Collected data:

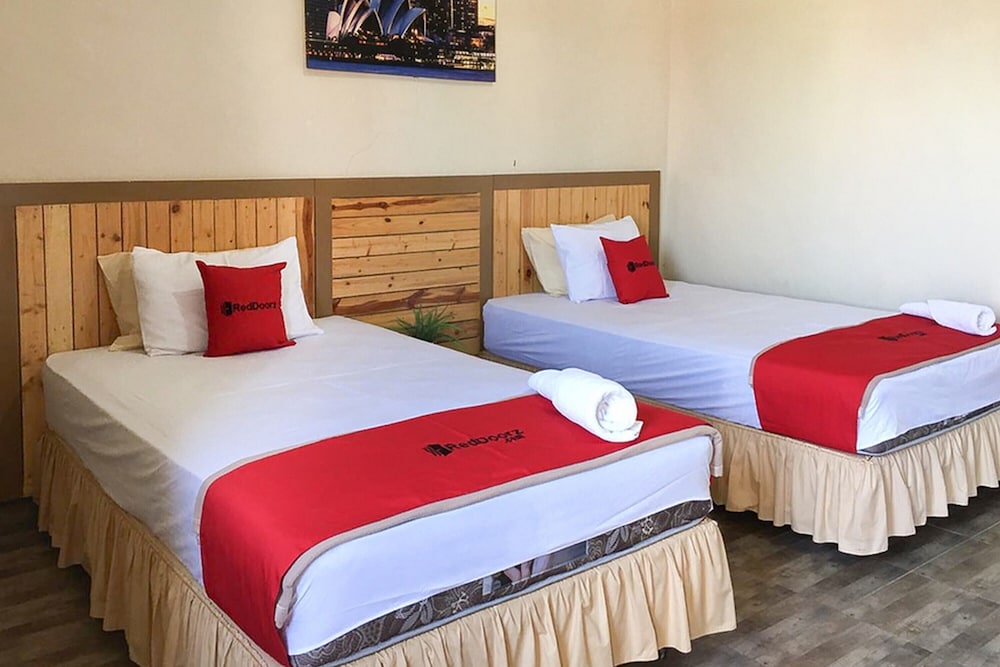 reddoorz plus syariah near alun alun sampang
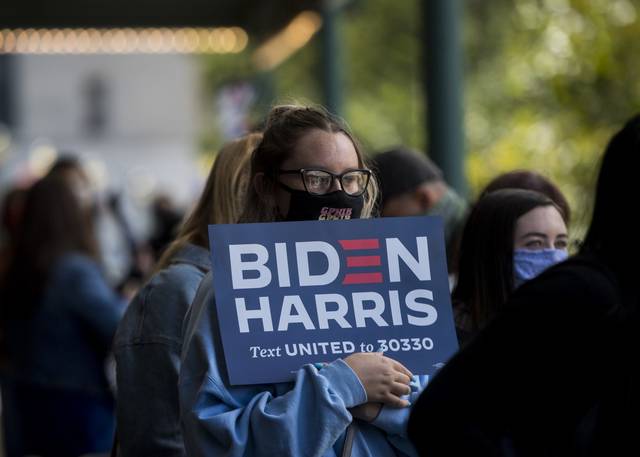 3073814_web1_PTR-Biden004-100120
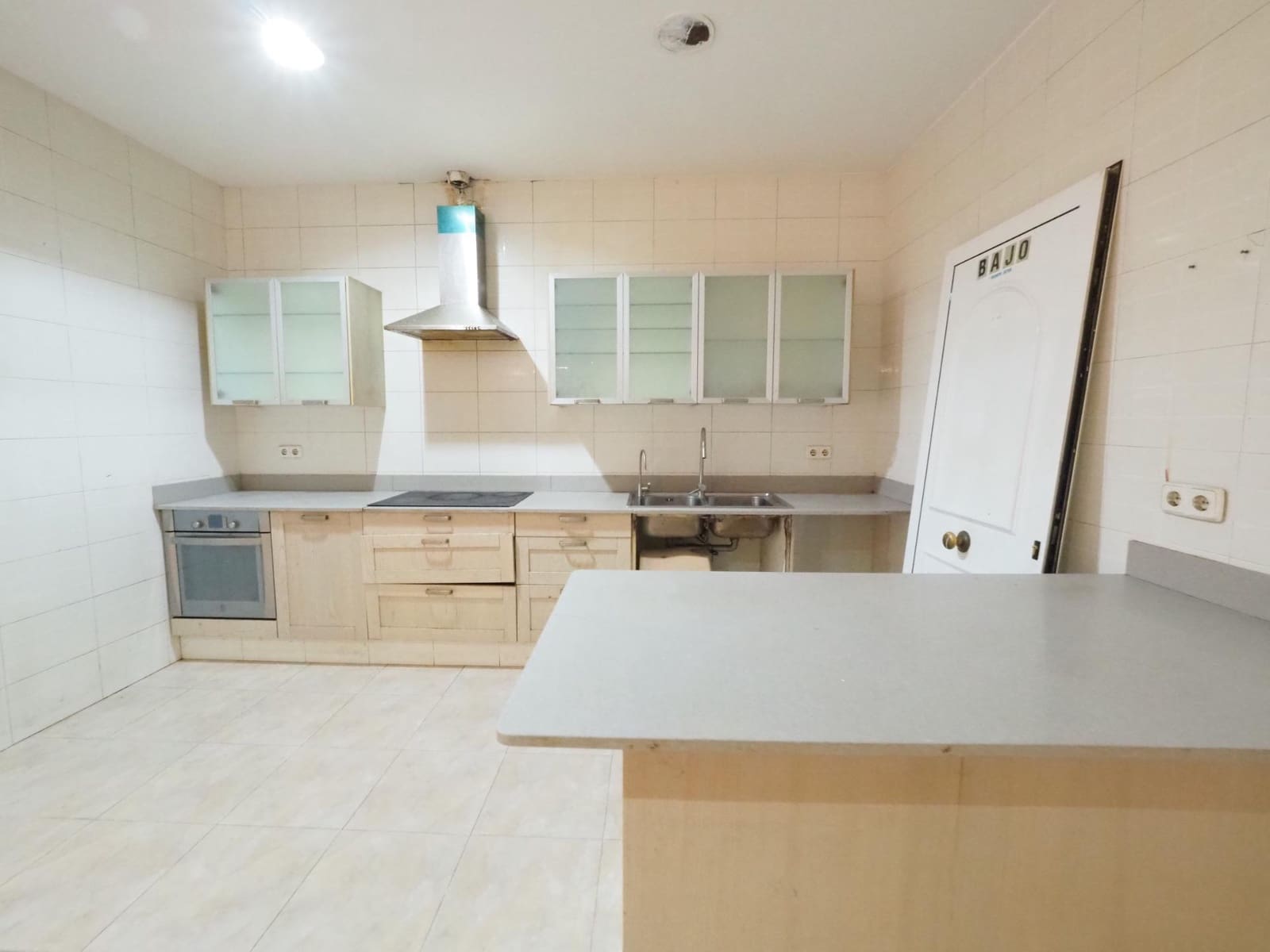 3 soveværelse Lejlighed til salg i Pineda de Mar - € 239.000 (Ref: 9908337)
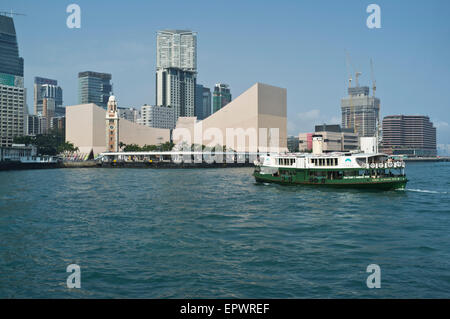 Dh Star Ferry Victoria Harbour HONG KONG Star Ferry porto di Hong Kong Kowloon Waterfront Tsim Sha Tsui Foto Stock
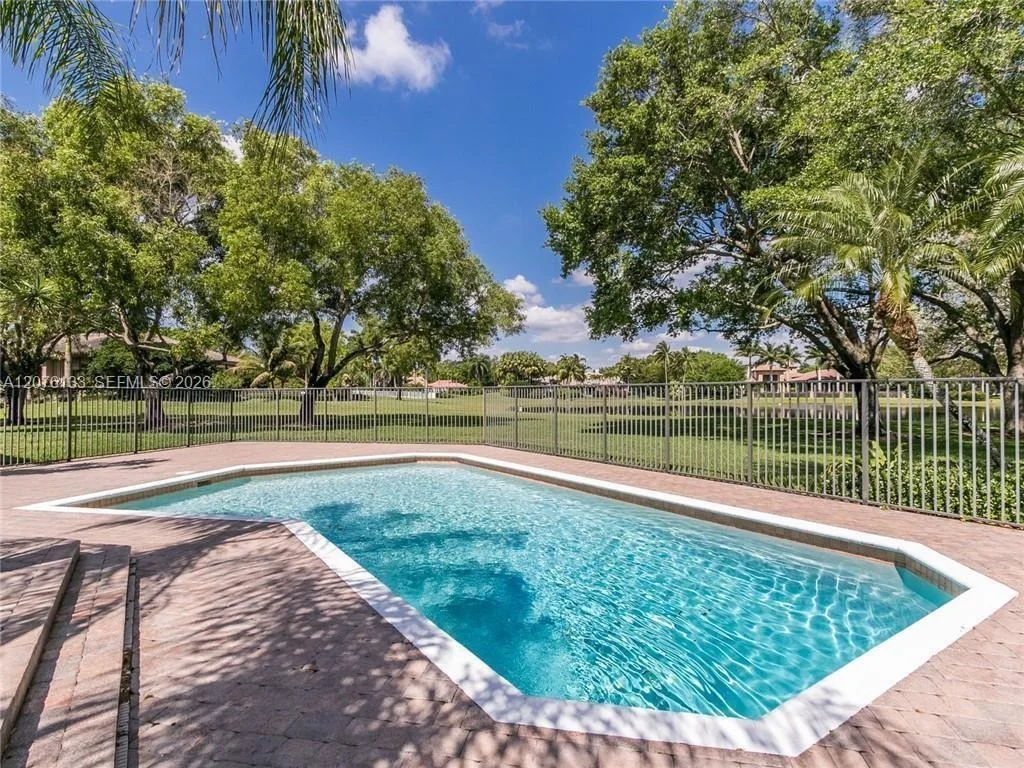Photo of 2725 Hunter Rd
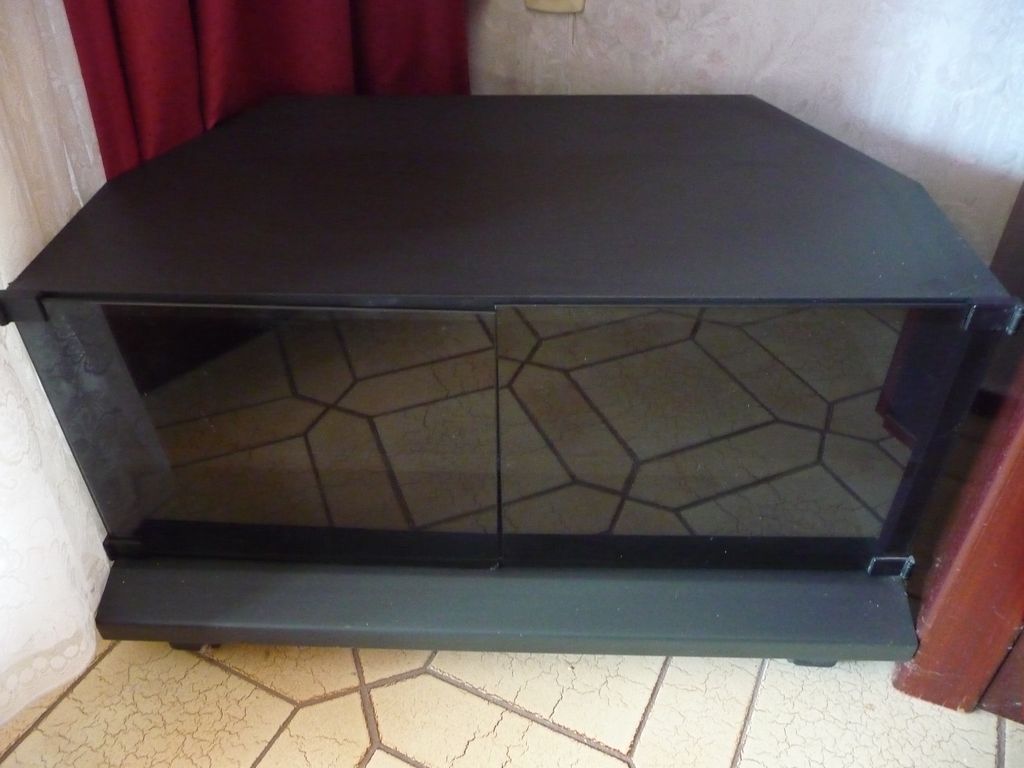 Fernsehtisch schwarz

EXERCISE OBJECTIVE> I would like you to retype exactly the lines running from the one containing "Dh Star Ferry" to the last line of the entries, both included, leaving all pictures out.

RESULT>
 Dh Star Ferry Victoria Harbour HONG KONG Star Ferry porto di Hong Kong Kowloon Waterfront Tsim Sha Tsui Foto Stock
Photo of 2725 Hunter Rd
 Fernsehtisch schwarz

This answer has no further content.